= About this exercise =
Quote all of the data below exactly, please.

= Record excerpts =
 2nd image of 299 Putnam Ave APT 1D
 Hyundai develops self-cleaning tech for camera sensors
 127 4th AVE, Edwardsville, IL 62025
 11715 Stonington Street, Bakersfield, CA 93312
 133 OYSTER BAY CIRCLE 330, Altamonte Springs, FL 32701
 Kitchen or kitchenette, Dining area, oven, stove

= Reply to the exercise =
 2nd image of 299 Putnam Ave APT 1D
 Hyundai develops self-cleaning tech for camera sensors
 127 4th AVE, Edwardsville, IL 62025
 11715 Stonington Street, Bakersfield, CA 93312
 133 OYSTER BAY CIRCLE 330, Altamonte Springs, FL 32701
 Kitchen or kitchenette, Dining area, oven, stove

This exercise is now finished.